I. Accelerating U.S. Lunar and Deep-Space Strategy

China’s rapid expansion of lunar and cislunar capabilities requires the United States to accelerate its own timelines.
The Moon functions as geopolitical high ground with strategic consequences for science, economics, and security.
Early U.S. presence is essential for shaping norms, governing resource access (including helium-3), and maintaining alliance confidence.
Delayed U.S. return to the lunar surface risks ceding influence over future space governance and technological pathways toward Mars.

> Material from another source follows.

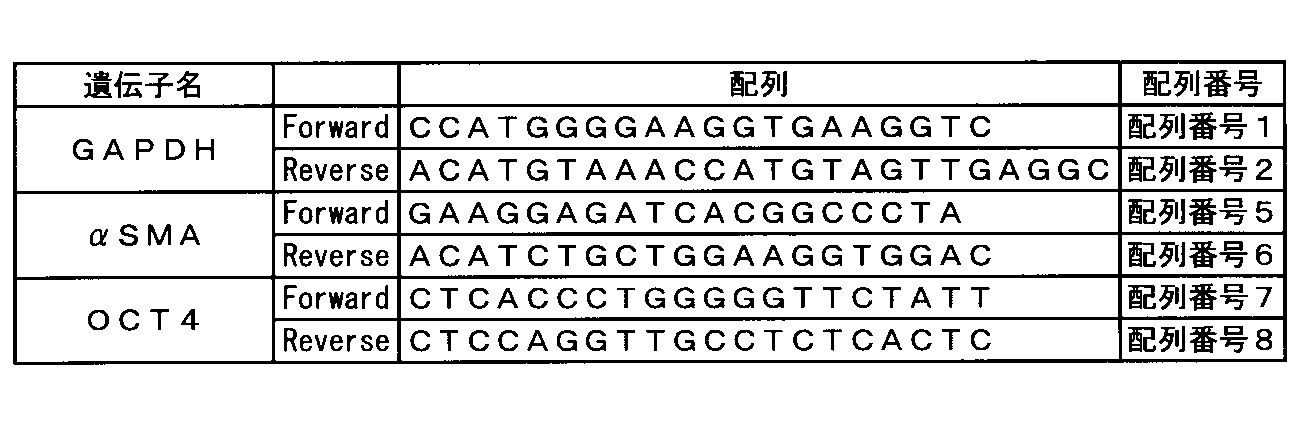 Figure JPOXMLDOC01-appb-T000002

Near term: Artemis II and III must proceed without delay to reestablish U.S. human missions beyond low Earth orbit.
Medium term: infrastructure for permanent lunar activity is required, including power systems, landers, habitats, and logistics networks.
Long term: a durable presence enables preparation for Mars missions and establishes U.S. leadership in the cislunar domain.
Continuous occupation deters strategic displacement by China and attracts international partners to U.S.-led frameworks.

Nuclear surface power (for example, a 100 kW fission reactor) is essential for surviving lunar nights, producing propellant, and enabling Mars operations.
Nuclear electric and nuclear thermal propulsion provide the high-efficiency and high-thrust capabilities required for deep-space logistics and fast transits.
A “mini Manhattan project” approach is needed to maintain a technological edge and attract top engineering talent.
China’s parallel investments in nuclear propulsion heighten the urgency for U.S. leadership.

Avoid duplicate investment in facilities, propulsion testing, communications, and hypersonic research.
NASA’s civilian research can generate technologies with security relevance while maintaining peaceful mission mandates.
Joint use of Armstrong, Glenn, and other centers strengthens program efficiency and accelerates capability development.
Coordinated planning creates a unified civil–military technological ecosystem that enhances U.S. strategic positioning.

Critical aerospace supply chains remain exposed to Chinese chokepoints in materials and components.
Mapping of 54 critical minerals reveals vulnerabilities concentrated in Chinese processing and refining.
U.S. strategy requires reshoring key manufacturing and deepening partnerships with trusted allies.
Chinese dominance in minerals and components threatens U.S. spacecraft production, launch capability, and defense integration.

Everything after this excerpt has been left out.